- _Records to use_:

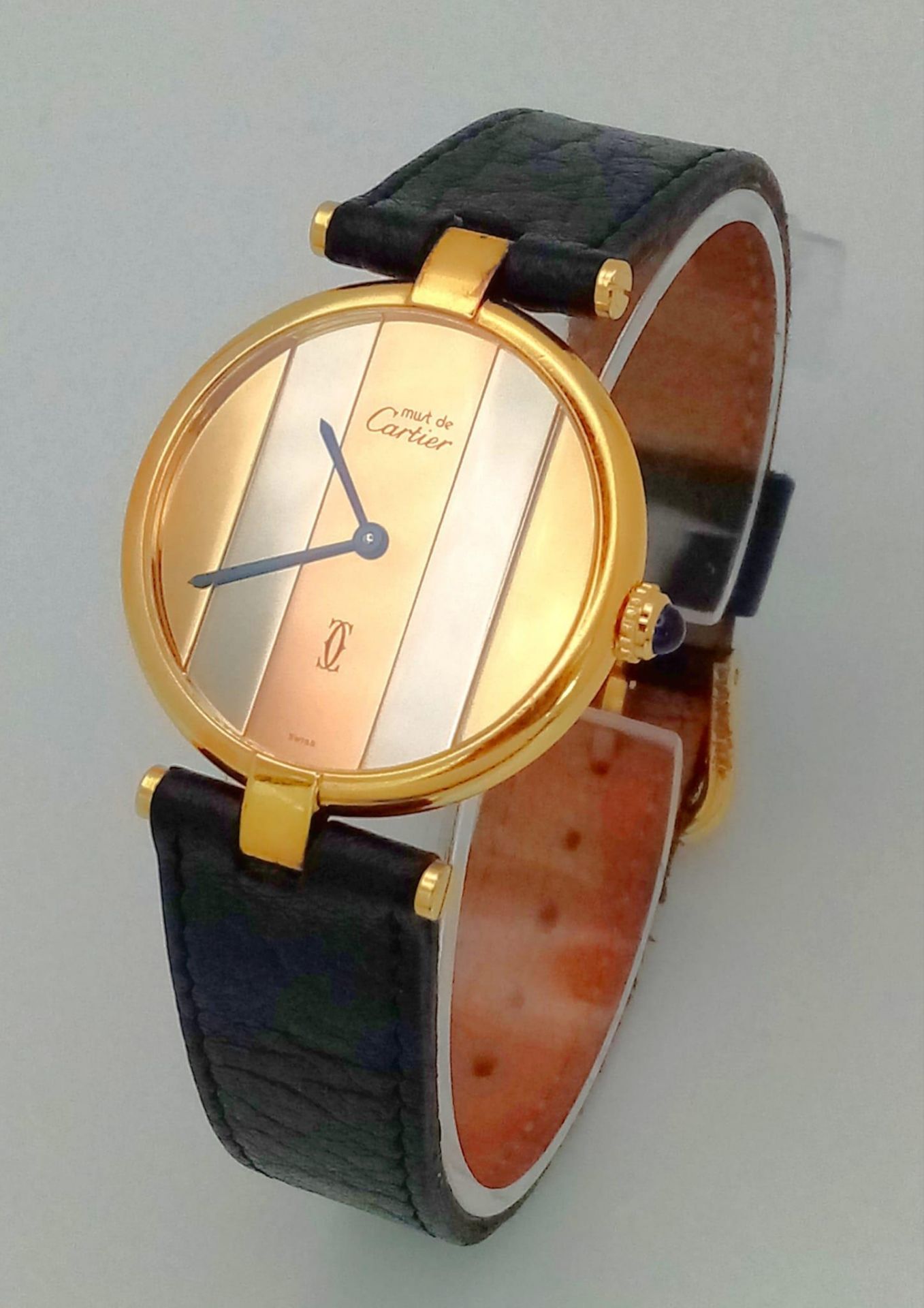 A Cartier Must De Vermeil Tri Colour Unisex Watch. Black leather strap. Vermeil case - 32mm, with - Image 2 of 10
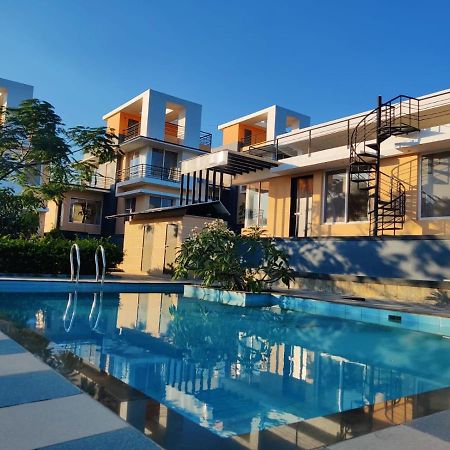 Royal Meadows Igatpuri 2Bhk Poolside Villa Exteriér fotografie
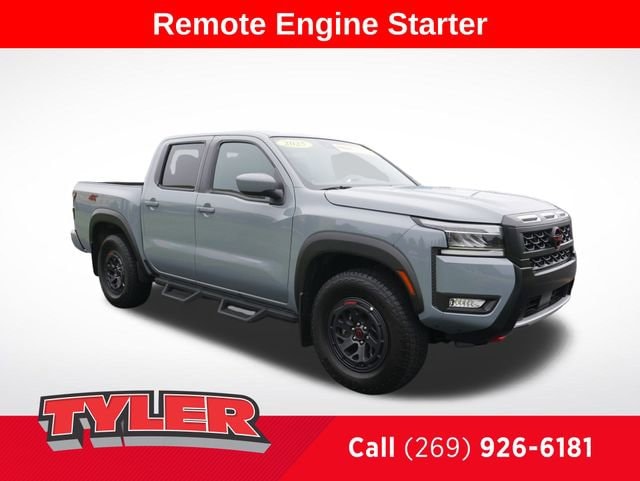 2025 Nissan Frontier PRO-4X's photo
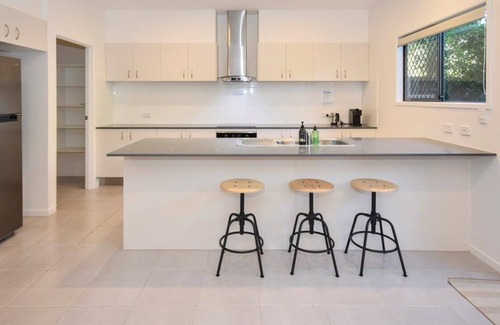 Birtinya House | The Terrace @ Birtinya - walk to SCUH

...

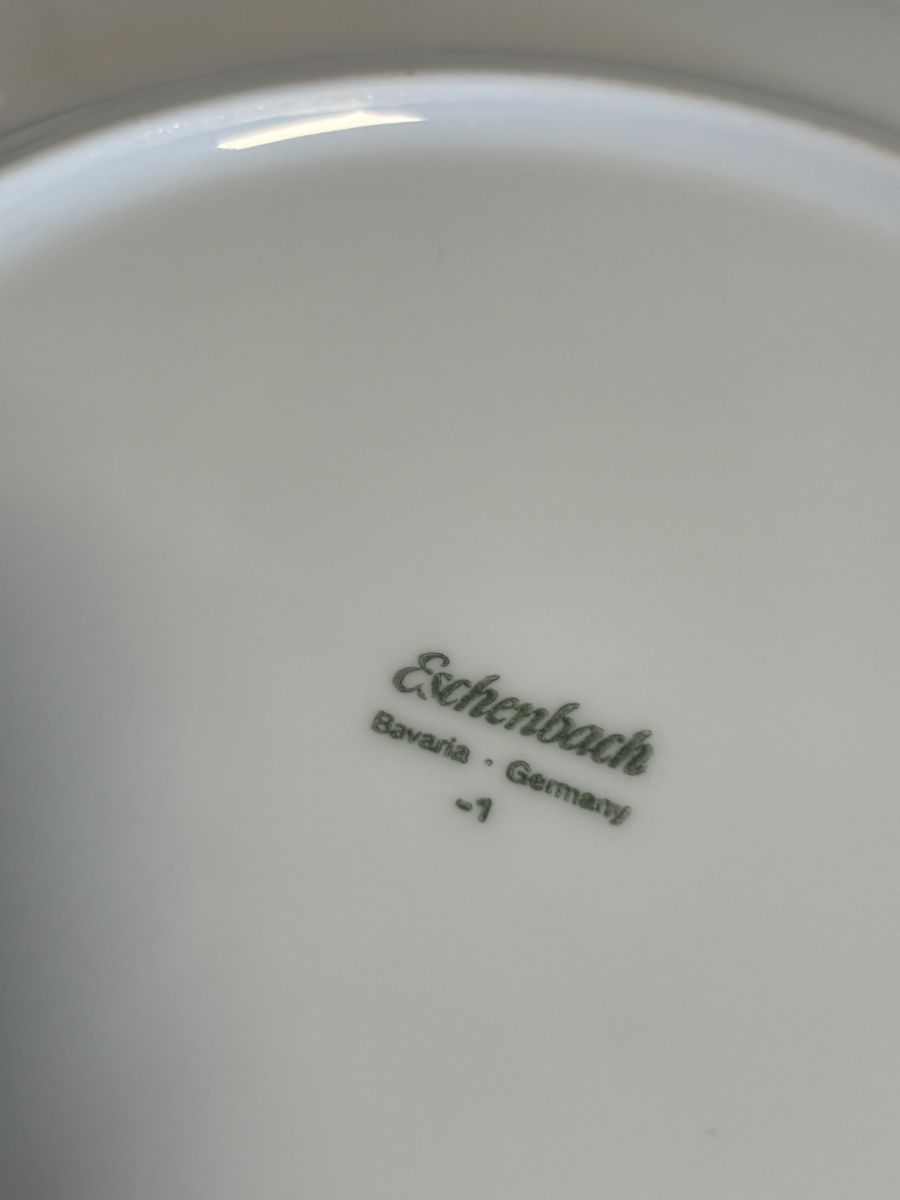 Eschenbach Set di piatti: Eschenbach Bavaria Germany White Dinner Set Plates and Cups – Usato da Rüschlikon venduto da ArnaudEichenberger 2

---

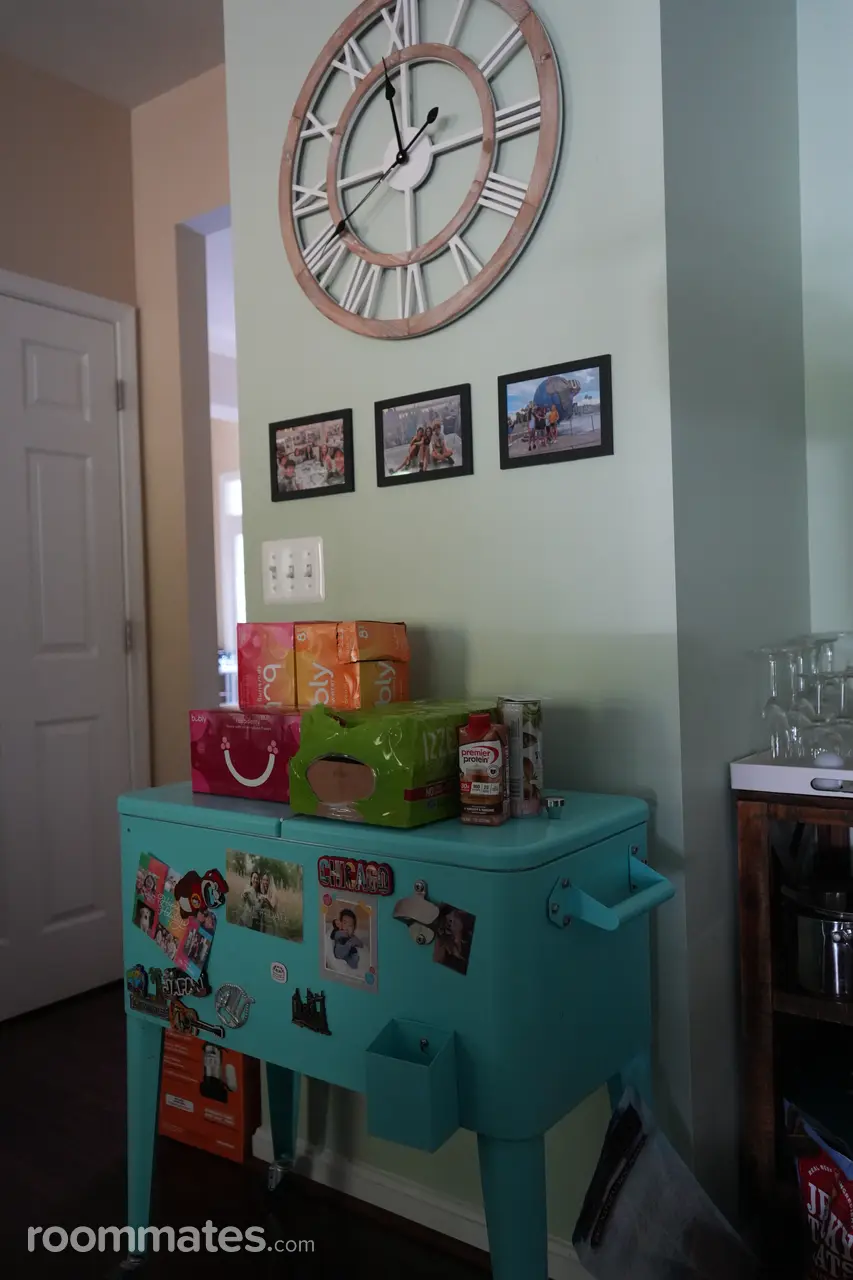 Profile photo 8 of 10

- _Task item_:
Print exactly the lines above that run from the one with "2025 Nissan Frontier PRO-4X's photo" to the one with "Birtinya House |", both included. No pictures.

- _Answer for the task_:
 2025 Nissan Frontier PRO-4X's photo
 Birtinya House | The Terrace @ Birtinya - walk to SCUH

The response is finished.